--- START ---
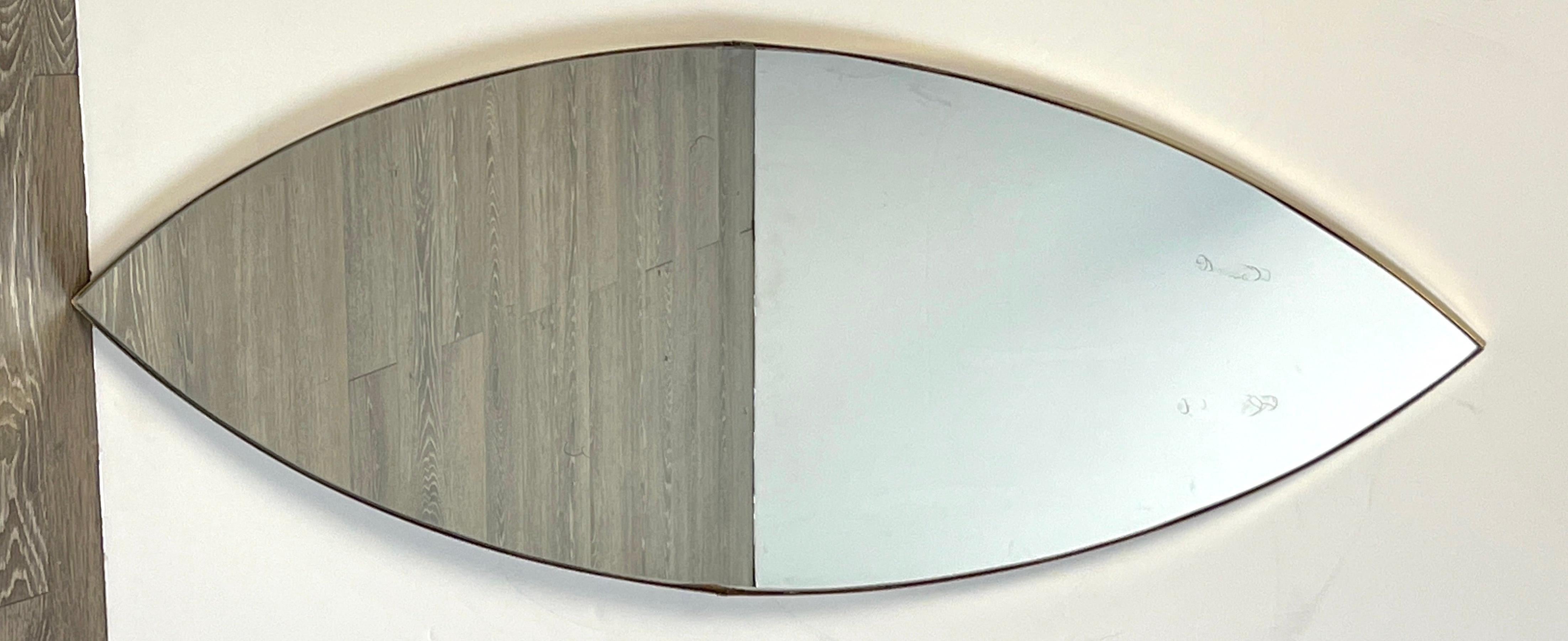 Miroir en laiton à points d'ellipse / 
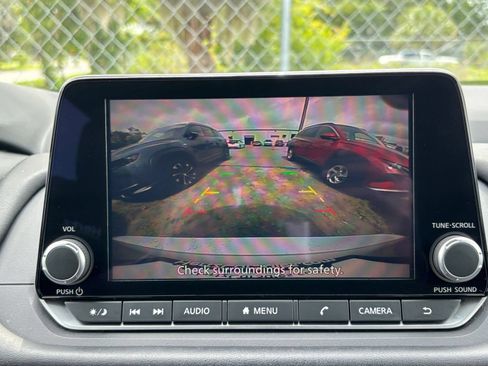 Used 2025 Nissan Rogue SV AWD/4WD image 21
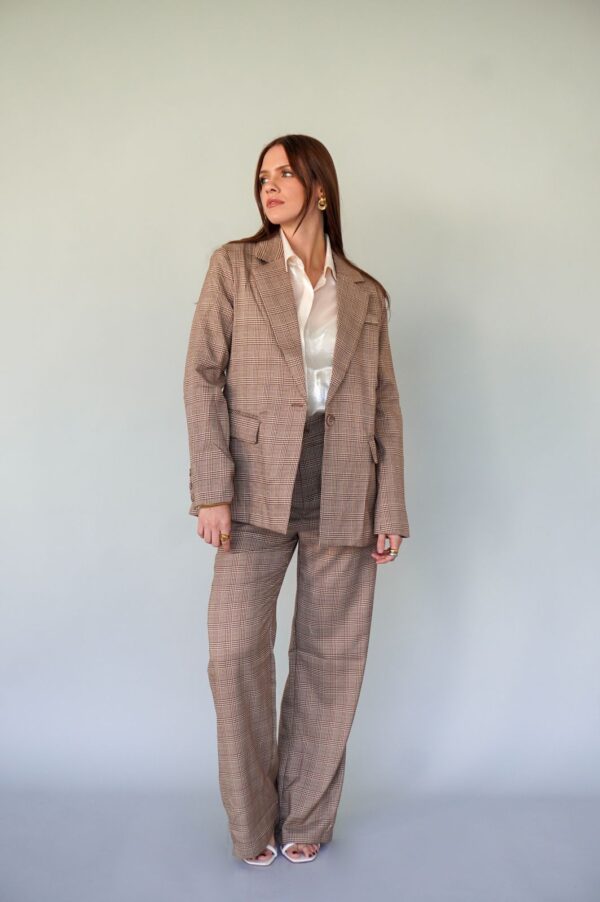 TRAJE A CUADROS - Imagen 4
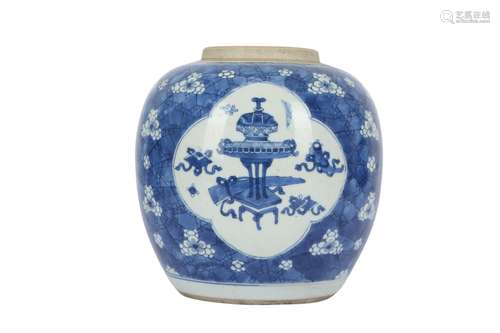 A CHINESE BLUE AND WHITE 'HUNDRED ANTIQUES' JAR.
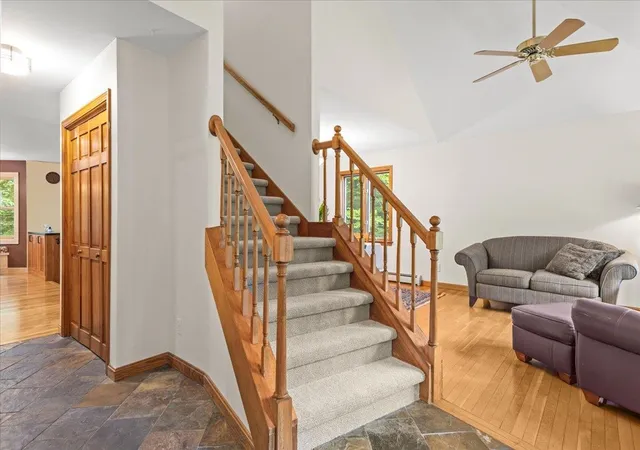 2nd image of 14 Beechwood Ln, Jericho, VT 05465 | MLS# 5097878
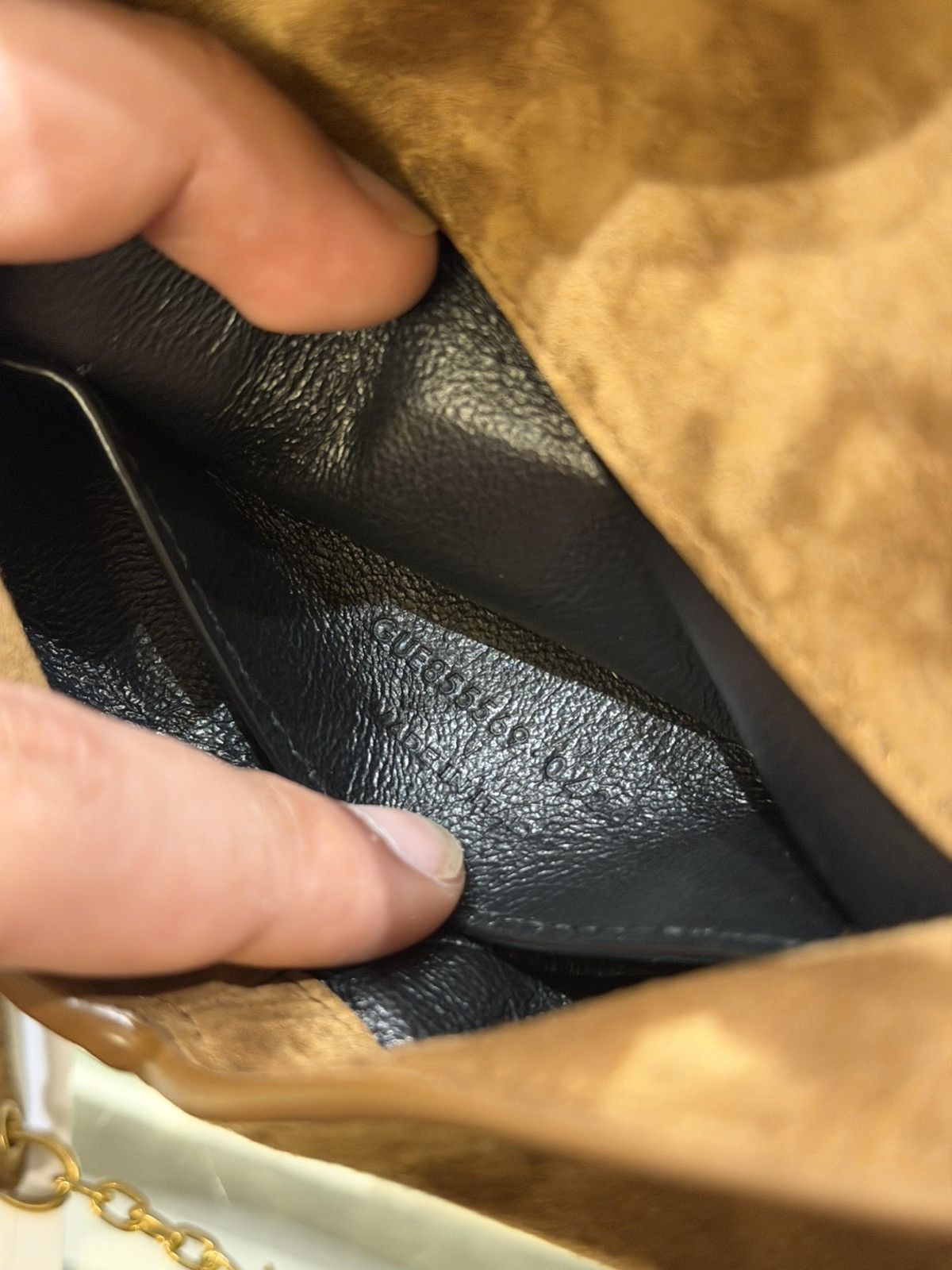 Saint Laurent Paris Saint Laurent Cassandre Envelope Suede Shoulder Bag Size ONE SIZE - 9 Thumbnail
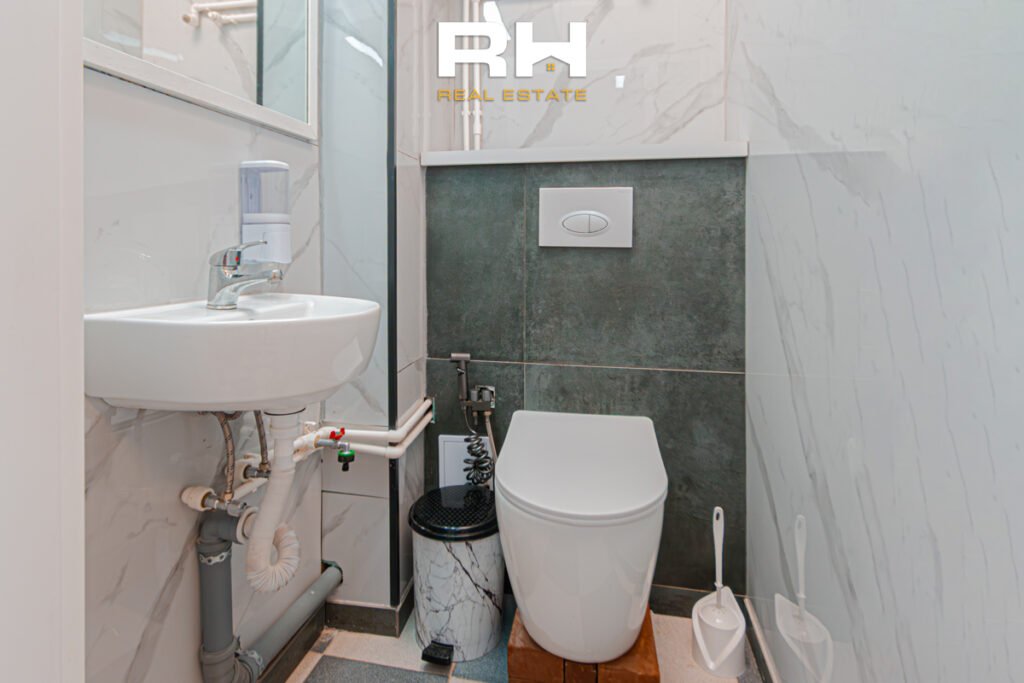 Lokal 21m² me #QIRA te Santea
--- END ---
= Prompt =
Give back all the data exactly, minus pictures.

= Output below =
 Miroir en laiton à points d'ellipse / 
 Used 2025 Nissan Rogue SV AWD/4WD image 21
 TRAJE A CUADROS - Imagen 4
 A CHINESE BLUE AND WHITE 'HUNDRED ANTIQUES' JAR.
 2nd image of 14 Beechwood Ln, Jericho, VT 05465 | MLS# 5097878
 Saint Laurent Paris Saint Laurent Cassandre Envelope Suede Shoulder Bag Size ONE SIZE - 9 Thumbnail
 Lokal 21m² me #QIRA te Santea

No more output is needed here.